A court employee had already begun reading the jury’s verdicts for each of the 18 individual plaintiffs, and, with each additional decision, the message became increasingly clear: The jury firmly believed Turken’s clients’ allegations that the hotel and its president, CEO and part-owner, Tehmina Adaya, had illegally discriminated against them, solely because they were Jewish.
The total amount in damages and statutory payments awarded to the plaintiffs on that day added up to about $1.2 million. On the following day, because the jury found the defendants had acted with “malice, oppression and fraud” against most of the plaintiffs, they would also impose a fine on Adaya and the hotel of $440,000 in punitive damages — bringing the size of the total penalties to more than $1.6 million.
But Turken was already elated on Wednesday.
“Home run,” Turken whispered to this reporter. “Home run.”
This story dates back to two years before, to July 11, 2010, when the plaintiffs, most of them affiliated with the Young Leadership Division of the local chapter of the Friends of the Israel Defense Forces (FIDF), all attended a pool party organized by the group at the Shangri-La.
The group had made arrangements for the event through an event promoter, Scott Paletz, who had been bringing people to the hotel’s rooftop restaurant since March of that year. Starting at 11 a.m. on that Sunday, the FIDF group had been allotted a cordoned-off area on the pool’s deck, where members had installed a pair of banners announcing their presence. At a check-in table in the courtyard, a blue shirt was displayed with the word “Legacy,” the FIDF program the group was fundraising for that day. It’s a program that brings the young relatives of Israeli soldiers killed in the line of duty for a month-long stay at a summer camp in the U.S.
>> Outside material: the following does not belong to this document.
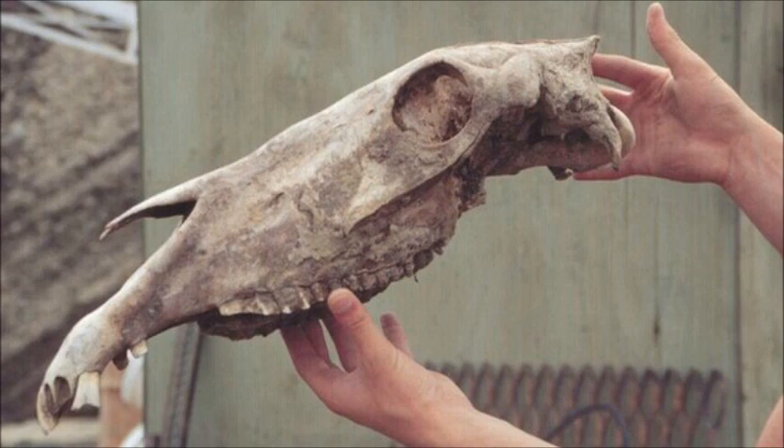But would we recognize the Equus ancestor as a horse? "Even if you look at the Przewalski horse, which has a divergence time of only about 50,000 years ago, and compare it to the domestic horse, you can already see differences," observed Professor Willerslev. "I would definitely say it would not look like a horse as we know it, but we would expect it to be a one-toed horse."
Adaya, 48, a Pakistani-born Muslim, was also at the pool that day, there to watch the World Cup final game in her cabana. After examining some of the FIDF group’s promotional literature, Adaya instructed members of her staff to take a number of actions against the group — including forcing the FIDF group to take down its banners, literature and other evidence of the organization’s presence. Many of the plaintiffs testified to seeing hotel security guards inform some of the FIDF guests, all easily identified by the blue promotional wristbands they were wearing, that they were not allowed to swim in the pool, or even dangle their feet into the water. The plaintiffs also alleged they heard from a hotel employee that Adaya had made comments about wanting to remove “the [expletive] Jews” from the hotel or the pool.
The hotel staff did not forcibly kick out the attendees of the FIDF party, but their actions, the plaintiffs said, ruined the party. Though it had been expected to last into the evening, the day ended when the plaintiffs left the hotel, around 5 p.m., according to testimony during the trial.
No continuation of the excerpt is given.